Dawn Grapes (through 31 December 2024)
K. Dawn Grapes is an Associate Professor of Music in the School of Music, Theatre, and Dance at Colorado State University, where she teaches undergraduate and graduate music history and research courses. Her research focuses on the music and musicians of Early Modern England. In addition to assorted articles and book chapters, her publications include two books: With Mornefull Musique: Funeral Elegies in Early Modern England (Boydell, 2018) and John Dowland: A Research and Information Guide (Routledge, 2020). She is currently awaiting publication of a new Dowland biography by Oxford University Press. Grapes is the program annotator for the Denver-based Colorado Bach Ensemble and the Fort Collins Symphony, and is also a flutist who performs regularly along the Colorado Front Range.
Ruth Eldredge Thomas (through 31 December 2024)
Ruth Eldredge Thomas is a PhD candidate at Durham University. A recovering early music addict, she is writing a dissertation on Hubert Parry’s relationship to the reception of JS Bach.
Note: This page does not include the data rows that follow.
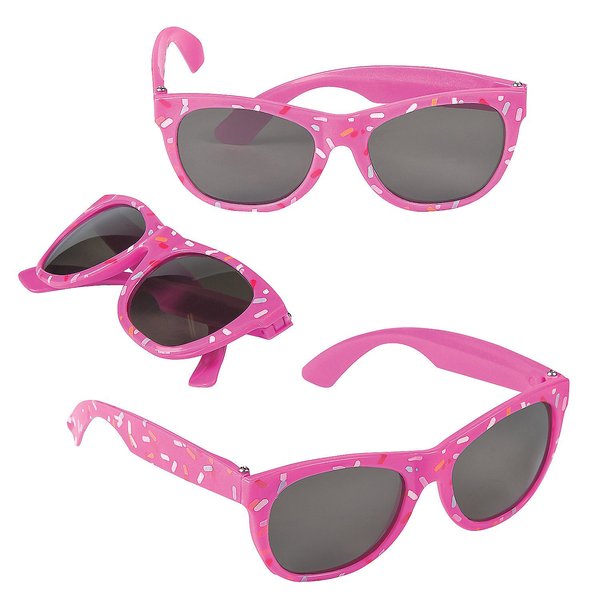 Fun Express Donut Sprinkle Sunglasses for Kids Birthday - Set of 12 - Cupcake, Baking and Donut Themed Party Favors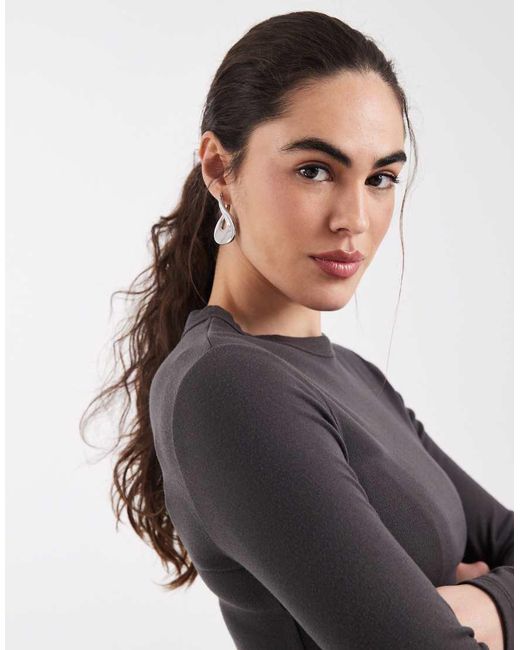 ASOS Blue Soft Longline Long Sleeve Shrunken Tee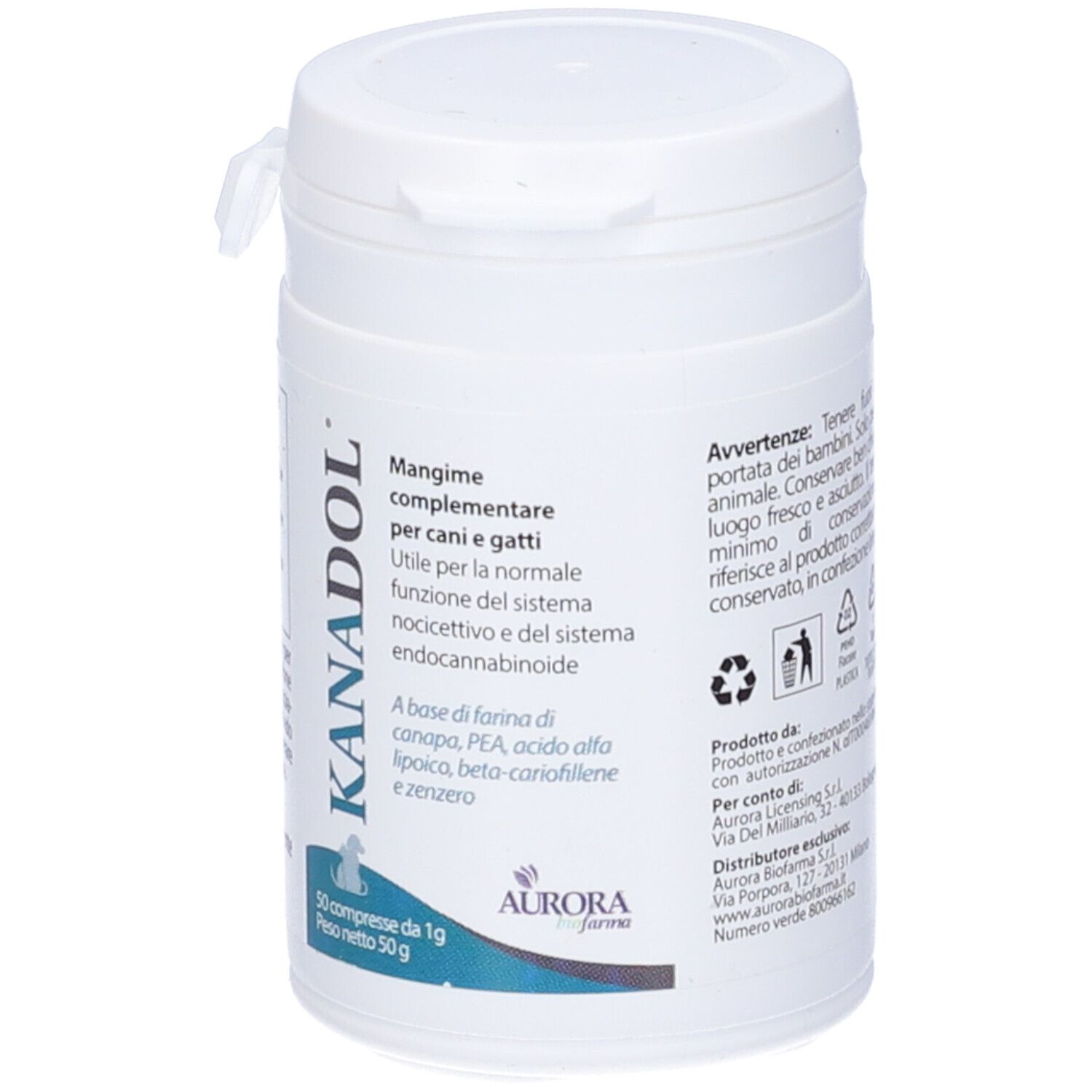 Kanadol Ergänzungsfuttermittel für Hunde und Katzen, 50 Tabletten à 1g, 50g.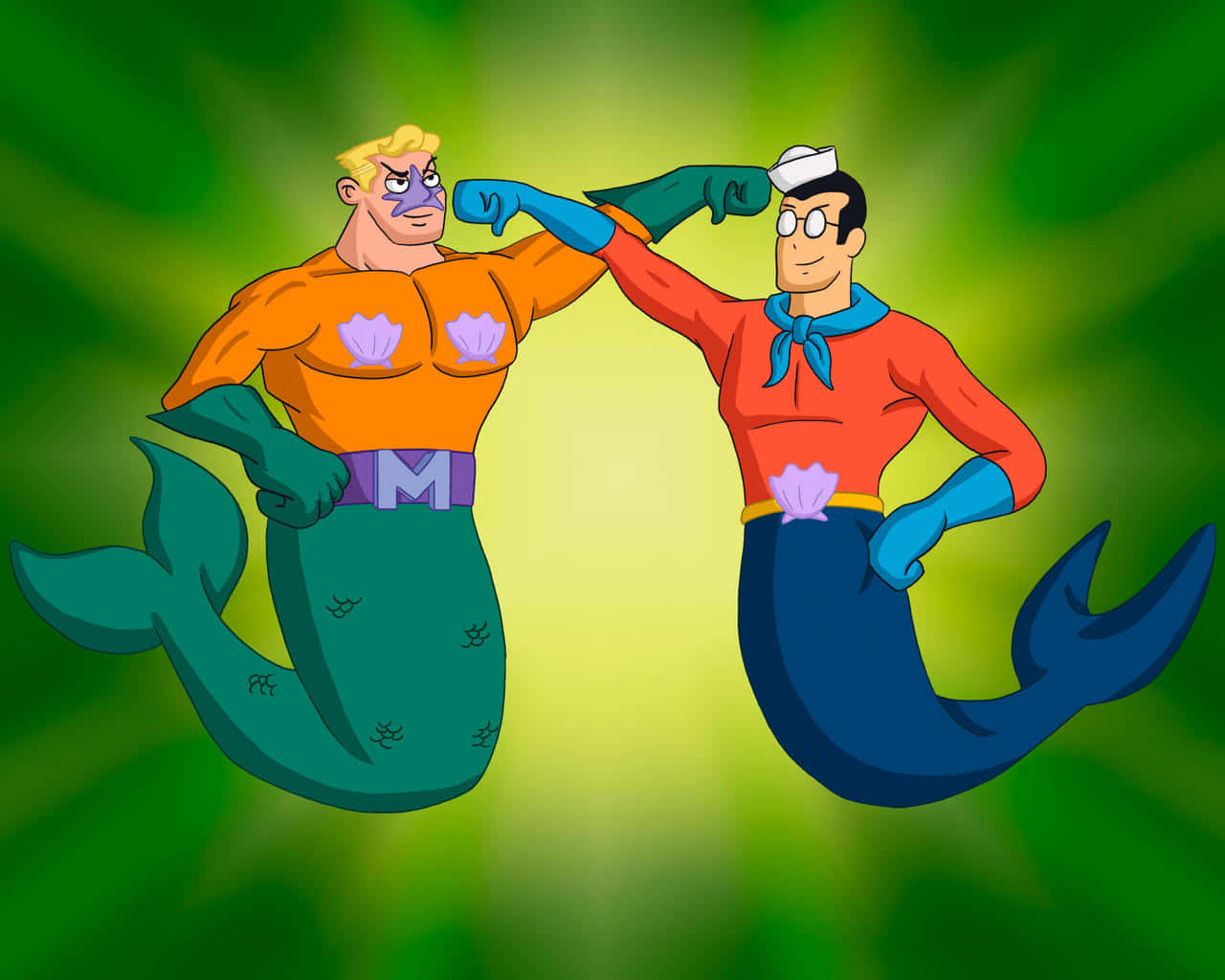  壁紙 — 兩個卡通男美人魚穿著色彩繽紛的服裝，在耀眼的綠色和黃色背景前碰拳。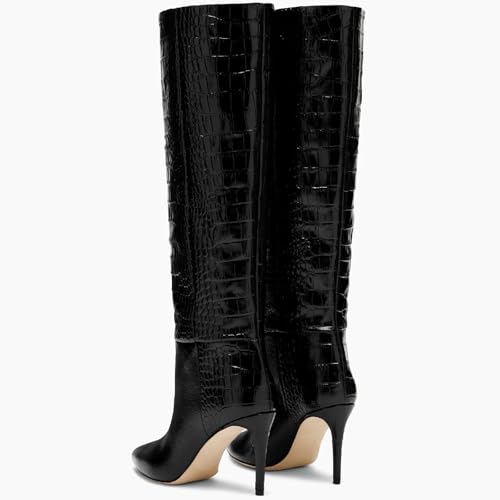 Women's Pointed Toe High Stiletto Heel Knee High Boots 3.94Inch/10cm Fashion Crocodile Calf Width Pull On High Heel Tall Boots Fall Winter Dressy Long Boots for Women3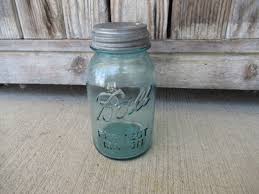 Antique Primitive Vintage Blue Ball Perfect Mason Quart Jar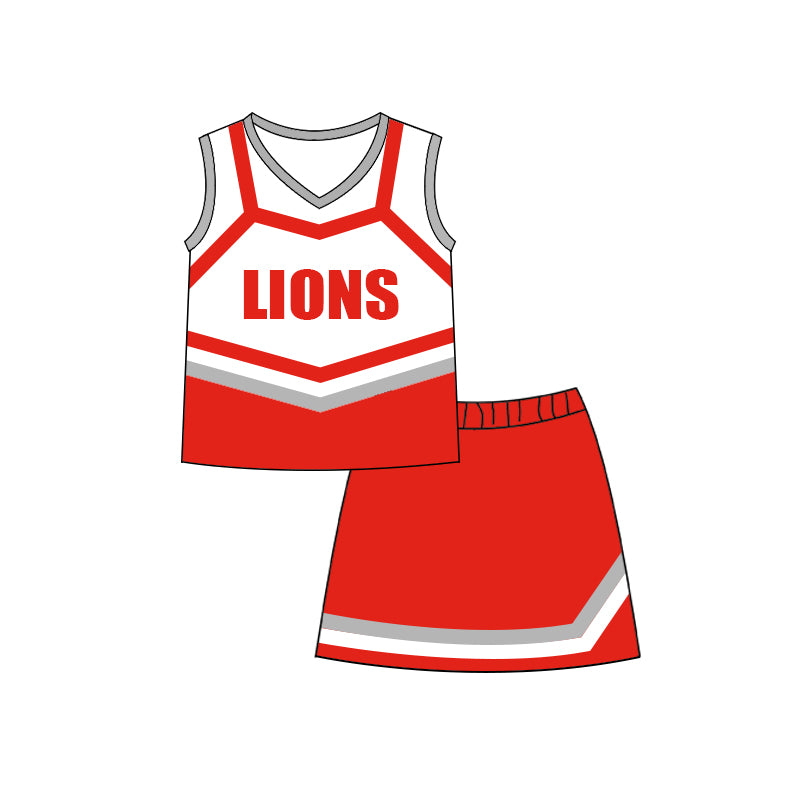 Custom moq 5 each style eta 6-7weeks baby girl clothes team red white sleeveless skirts sets-25.7.22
An organist by training, she is currently general editor of the Complete Organ Works of C. Hubert H. Parry, forthcoming 2021 from Wayne Leupold Publishers (Durham, NC). She is particularly interested in issues of race and equity in historiography and musicological practice. After working in the live classical music industry for a decade, in 2015 she began a private consultancy to advocate for research initiatives that combine science, technology, and creative fields, and to equalize access to technology career pathways to underrepresented populations. She is currently an advisor to five National Science Foundation-funded projects that specialize in building research initiatives focused on broadening participation and creative methods in STEM education pathways. A native of Denver, Colorado, Ruth completed a BM and MM in Organ Performance at Brigham Young University, and an MSt in Musicology at the University of Oxford (Lady Margaret Hall).
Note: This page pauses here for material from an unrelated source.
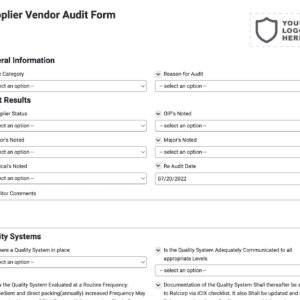 Supplier - Vendor Audit Form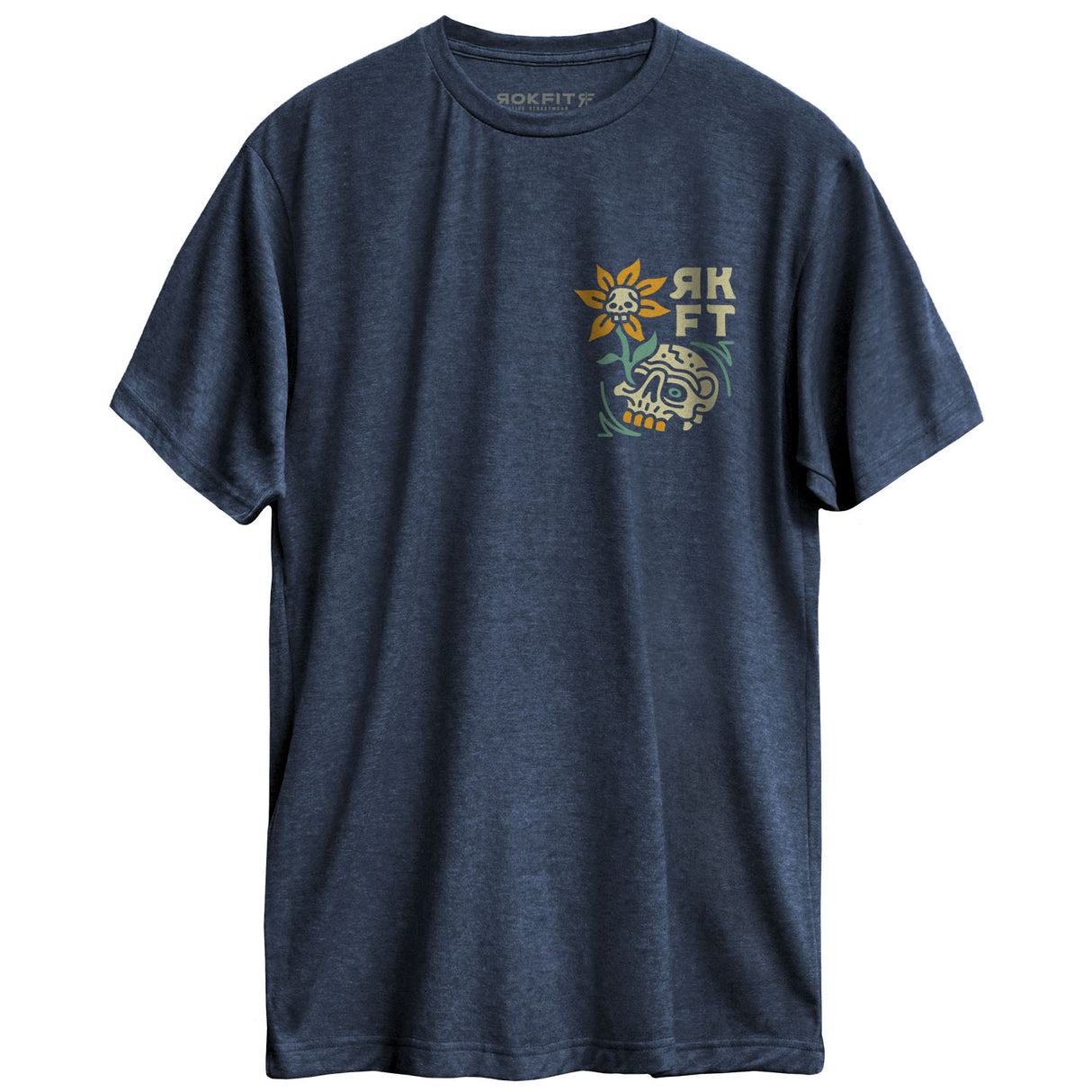 Front view of heather navy unisex Active Tee with 'Live Long, Be Strong' graphic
Deborah Heckert (through 31 December 2025)
An active scholar of 19th and 20th-century British music studies, Deborah Heckert is the author of Composing History: National Identities and the English Masque Revival, 1860–1925, and has essays in the volumes Elgar and His World, British Music and Modernism, 1995-1960, The Oxford Handbook of Music and Medievalism and the forthcoming Vaughan Williams in Context. Her current research interests focus on British modernism in the early decades of the twentieth century, the role of history in the identity politics of 19th and 20th century British music, and the intersections between British music and the visual arts. She teaches in the Department of Music at Stony Brook University, where she is also undergraduate program director. She also teaches at New York University and Brooklyn College, CUNY.
Deborah is a founding member of NABMSA. She is also currently a member of the American Musicological Society’s Committees for Career-Related Issues and Membership and Development.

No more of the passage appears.